The present invention relates to a method and apparatus for drying substrates.
Substrate drying apparatus are used in the manufacture of integrated semiconductor circuits, display screens comprising liquid crystals, electrical circuits on boards or synthetic material, and video or phonorecords. In these processes, substrates of semiconductor, ceramic, and polymer materials are treated with liquids, for example, by immersion in etchant vats for etching the substrate, developing vats for developing exposed photoresist layers on the substrate, galvanic vats for deposition of metals on the substrate, or rinsing vats for cleaning the substrates. After treatment in the liquid, the thin film of liquid residue that remains on the substrate is removed by a drying process.
Several conventional methods are used to dry the substrate. The centrifuge or "spin-dry" method uses a centrifuge which is rapidly rotated about an axis transverse to the surface of the substrate. Centrifugal force generated by the rapid rotation forcibly ejects most of the residual liquid on the substrate. However, conventional centrifuging apparatus and processes have several disadvantages. First, evaporation of the thin film of water left on the substrate after high speed rotation of the substrate can cause spotting and streaking due to small amount of nonvolatile matter dissolved in the water. Furthermore, centrifuging methods often leave contaminant residue on textured substrate surfaces having features or holes that capture the residue.

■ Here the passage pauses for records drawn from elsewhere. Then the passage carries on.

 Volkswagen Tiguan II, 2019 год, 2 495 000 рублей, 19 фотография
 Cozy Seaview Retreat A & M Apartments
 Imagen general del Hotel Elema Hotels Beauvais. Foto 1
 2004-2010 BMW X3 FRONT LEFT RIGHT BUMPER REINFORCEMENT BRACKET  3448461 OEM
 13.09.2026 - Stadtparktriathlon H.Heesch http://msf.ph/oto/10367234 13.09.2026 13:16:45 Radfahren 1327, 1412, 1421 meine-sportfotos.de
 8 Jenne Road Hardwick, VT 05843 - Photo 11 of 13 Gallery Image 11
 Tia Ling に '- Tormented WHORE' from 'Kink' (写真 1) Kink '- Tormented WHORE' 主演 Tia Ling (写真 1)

An improved centrifuging process described in U.S. Pat. No. 5,271,774, to Leenaars, et al., flows a vapor that is miscible with liquid on the substrate surface, during the centrifuging process, to reduce the contaminants left on the substrate. The vapor mixes with the liquid residue on the substrate to form a solution having a lower surface tension that is more easily ejected from the substrate during centrifuging to leave behind less contaminant residue. However, even the improved centrifuging processes and apparatus are complex and prone to breakdown due to mechanical problems resulting from the high speed rotation of the substrate. Because the centrifuge spin dryers rely on centrifugal force to "throw" water off the wafer surfaces, mechanical stresses often break or damage large or thin substrates. Also, moving parts inside the centrifuge erode to form contaminant particles which deposit on the substrate. Furthermore, static electricity formed on the substrate surface during high speed rotation of the substrate in the dry atmosphere can attract oppositely charged airborne contaminant particles onto the substrate.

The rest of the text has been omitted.